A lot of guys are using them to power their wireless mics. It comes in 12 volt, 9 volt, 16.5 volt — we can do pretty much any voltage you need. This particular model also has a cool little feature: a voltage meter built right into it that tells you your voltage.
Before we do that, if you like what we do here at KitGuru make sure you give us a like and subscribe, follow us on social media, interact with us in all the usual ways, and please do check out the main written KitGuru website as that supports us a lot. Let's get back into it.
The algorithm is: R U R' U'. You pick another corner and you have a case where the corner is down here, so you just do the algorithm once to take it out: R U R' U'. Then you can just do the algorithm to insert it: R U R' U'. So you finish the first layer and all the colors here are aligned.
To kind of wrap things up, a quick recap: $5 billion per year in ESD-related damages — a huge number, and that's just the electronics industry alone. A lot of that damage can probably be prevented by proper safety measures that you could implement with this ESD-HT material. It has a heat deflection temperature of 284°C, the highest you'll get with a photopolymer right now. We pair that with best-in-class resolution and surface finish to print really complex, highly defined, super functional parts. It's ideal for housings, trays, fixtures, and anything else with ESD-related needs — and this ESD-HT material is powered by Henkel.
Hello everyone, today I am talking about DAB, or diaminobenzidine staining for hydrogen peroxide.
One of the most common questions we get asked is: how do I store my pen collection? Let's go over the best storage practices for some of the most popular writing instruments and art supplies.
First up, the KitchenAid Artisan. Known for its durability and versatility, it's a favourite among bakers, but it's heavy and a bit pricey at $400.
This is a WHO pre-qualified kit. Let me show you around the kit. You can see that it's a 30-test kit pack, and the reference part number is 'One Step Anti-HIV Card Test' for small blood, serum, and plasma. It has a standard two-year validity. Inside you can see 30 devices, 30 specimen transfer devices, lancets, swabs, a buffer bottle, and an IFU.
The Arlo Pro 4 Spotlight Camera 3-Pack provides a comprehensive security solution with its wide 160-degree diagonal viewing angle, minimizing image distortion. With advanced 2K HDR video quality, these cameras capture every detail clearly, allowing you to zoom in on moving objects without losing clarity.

————

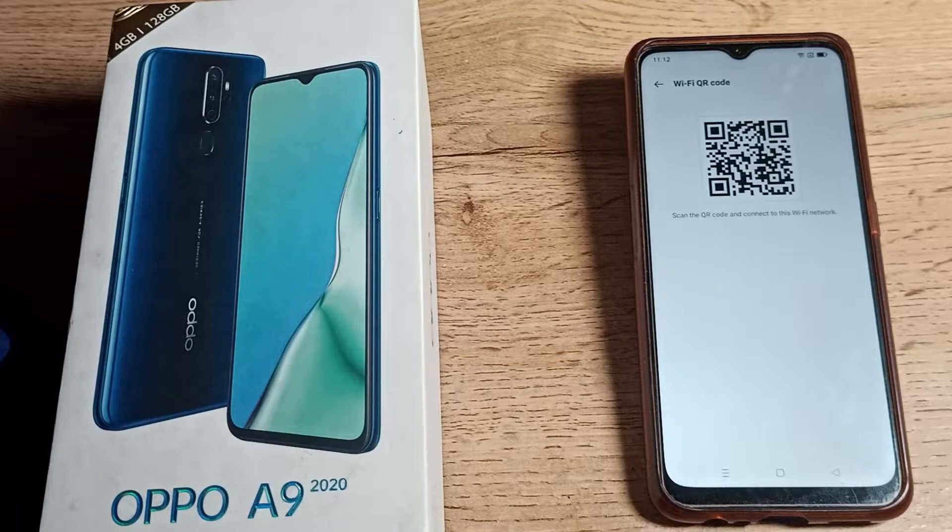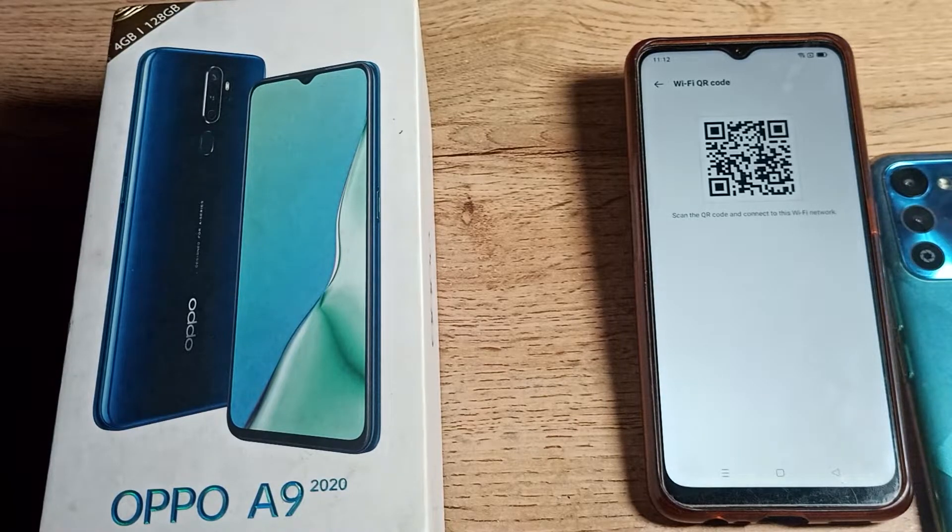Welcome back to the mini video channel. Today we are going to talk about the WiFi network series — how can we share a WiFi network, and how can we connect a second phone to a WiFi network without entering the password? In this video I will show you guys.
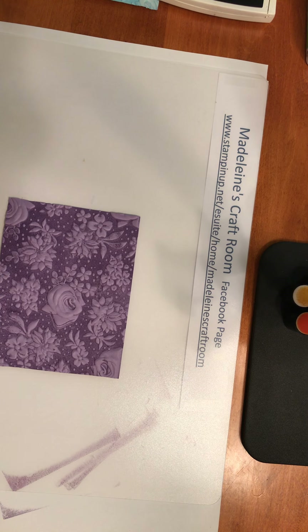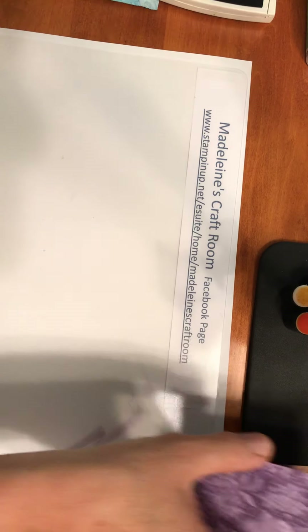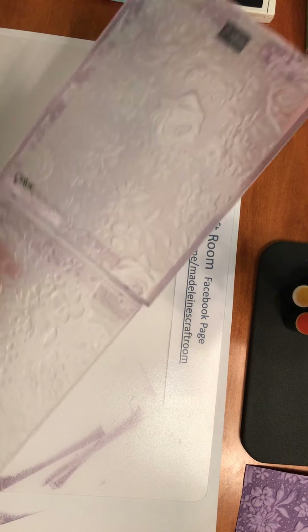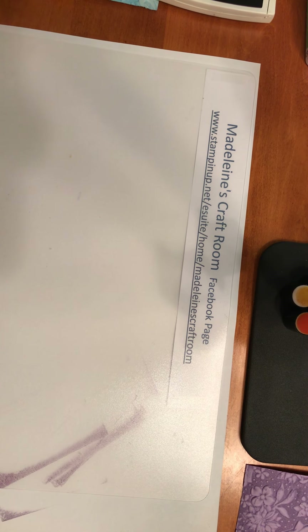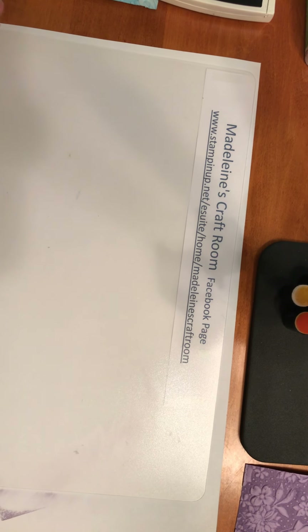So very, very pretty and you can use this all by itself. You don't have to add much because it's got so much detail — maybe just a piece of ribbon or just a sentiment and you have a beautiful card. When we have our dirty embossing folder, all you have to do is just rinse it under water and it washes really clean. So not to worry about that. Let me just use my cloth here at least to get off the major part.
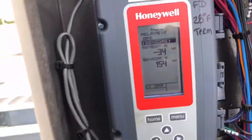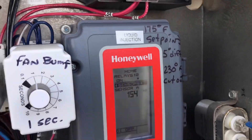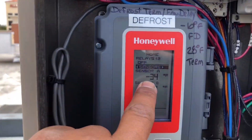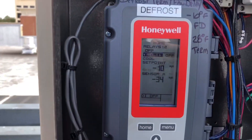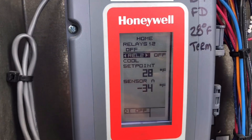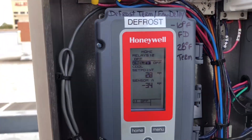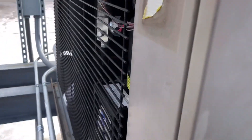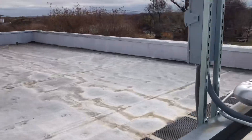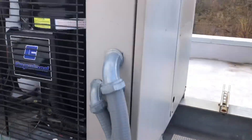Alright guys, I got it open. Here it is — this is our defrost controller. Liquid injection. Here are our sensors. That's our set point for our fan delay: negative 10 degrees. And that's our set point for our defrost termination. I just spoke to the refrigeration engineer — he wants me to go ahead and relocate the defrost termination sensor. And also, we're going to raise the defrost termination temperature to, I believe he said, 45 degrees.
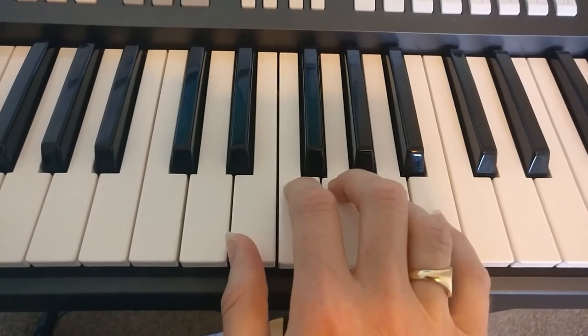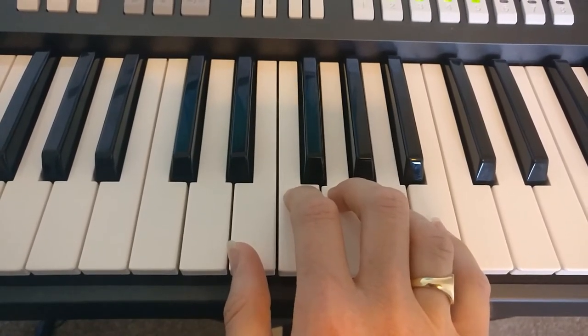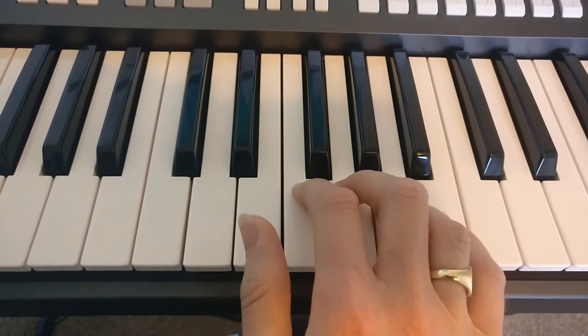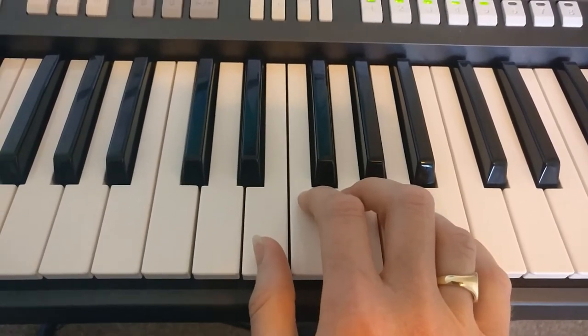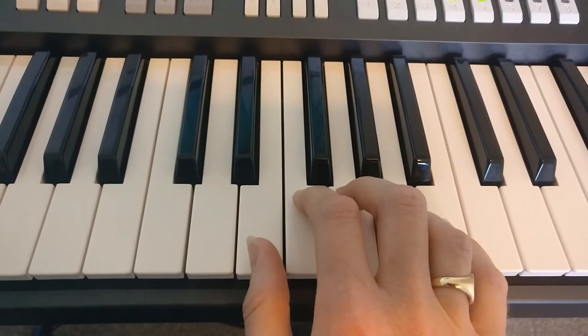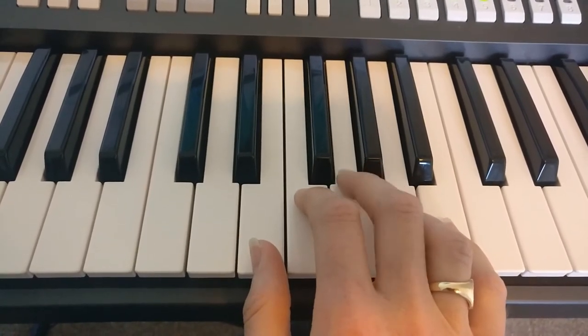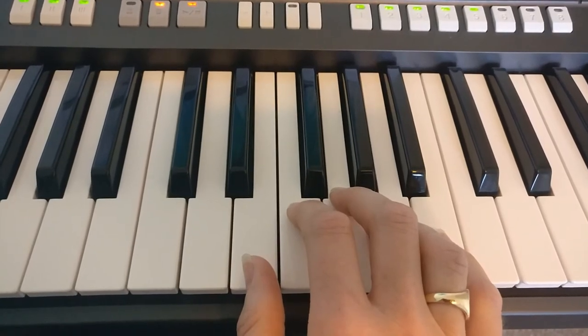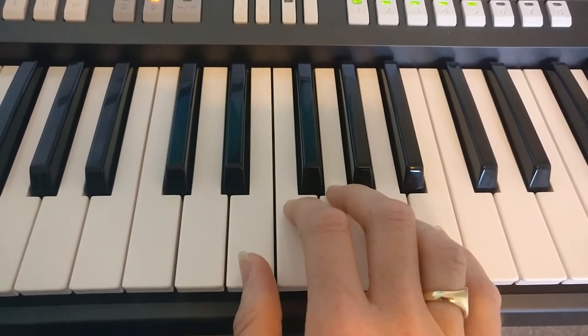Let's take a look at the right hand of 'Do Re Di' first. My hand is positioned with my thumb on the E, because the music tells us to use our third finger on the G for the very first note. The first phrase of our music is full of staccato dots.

————

-- What you have to do --
Pick out the lines above that hold the string "best" and show them.

-- Expected answer --
To kind of wrap things up, a quick recap: $5 billion per year in ESD-related damages — a huge number, and that's just the electronics industry alone. A lot of that damage can probably be prevented by proper safety measures that you could implement with this ESD-HT material. It has a heat deflection temperature of 284°C, the highest you'll get with a photopolymer right now. We pair that with best-in-class resolution and surface finish to print really complex, highly defined, super functional parts. It's ideal for housings, trays, fixtures, and anything else with ESD-related needs — and this ESD-HT material is powered by Henkel.
One of the most common questions we get asked is: how do I store my pen collection? Let's go over the best storage practices for some of the most popular writing instruments and art supplies.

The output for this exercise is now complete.